Vanaf het moment dat de potten worden uitgezet, raadt Koen aan om wekelijks Eretmix-System te introduceren met een combinatie van twee parasitoïden: Encarsia formosa (Encarsia-System) voor de bestrijding van kaswittevlieg en Eretmocerus eremicus (Eretmocerus-System) voor de bestrijding van tabakswittevlieg. Daarnaast zegt hij dat het nodig kan zijn om nog meer Swirskii-System te introduceren, ondersteund door Nutrimite™.
"We raden het gebruik van beide producten sterk aan," zegt Koen. "Swirskii richt zich op het eerste stadium van de witte vlieg, terwijl de parasitoïden zich richten op het tweede tot vierde stadium. Dit minimaliseert mogelijke concurrentie tussen de nuttige insecten."
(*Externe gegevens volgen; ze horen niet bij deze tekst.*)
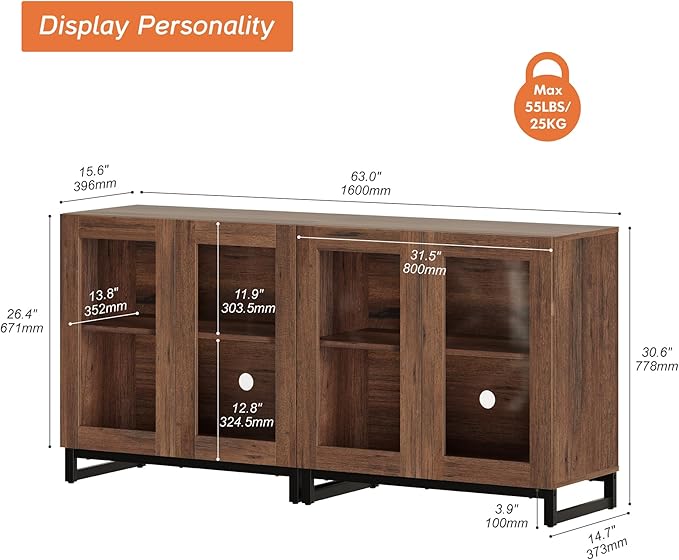 WAMPAT 63 Inch TV Stand with Glass Doors - Image 2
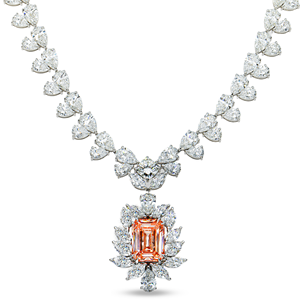 Collier Goutte de Déesse en Or Blanc 14K avec Émeraude Rose Vif Fantaisie de 10,00 Carats, Certifiée IGI, Clarté VS1, Cultivée en Laboratoire - Product Image 1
Samenvattend zegt Koen: "De sleutel tot een efficiënte wittevliegbestrijding in Poinsettia bestaat uit een schone teeltstart, te bereiken door het gewas nauwgezet te monitoren en te scouten en indien mogelijk, de scoutinggegevens van vorig seizoen te bekijken. Pas vervolgens een volledige IPM-strategie toe - met parasitoïden, een roofmijt en bio-insecticiden - om de Bemisia-populatie onder het omslagpunt van 20% te houden. Wees je ervan bewust dat de wittevliegdruk ook per cultivar kan verschillen."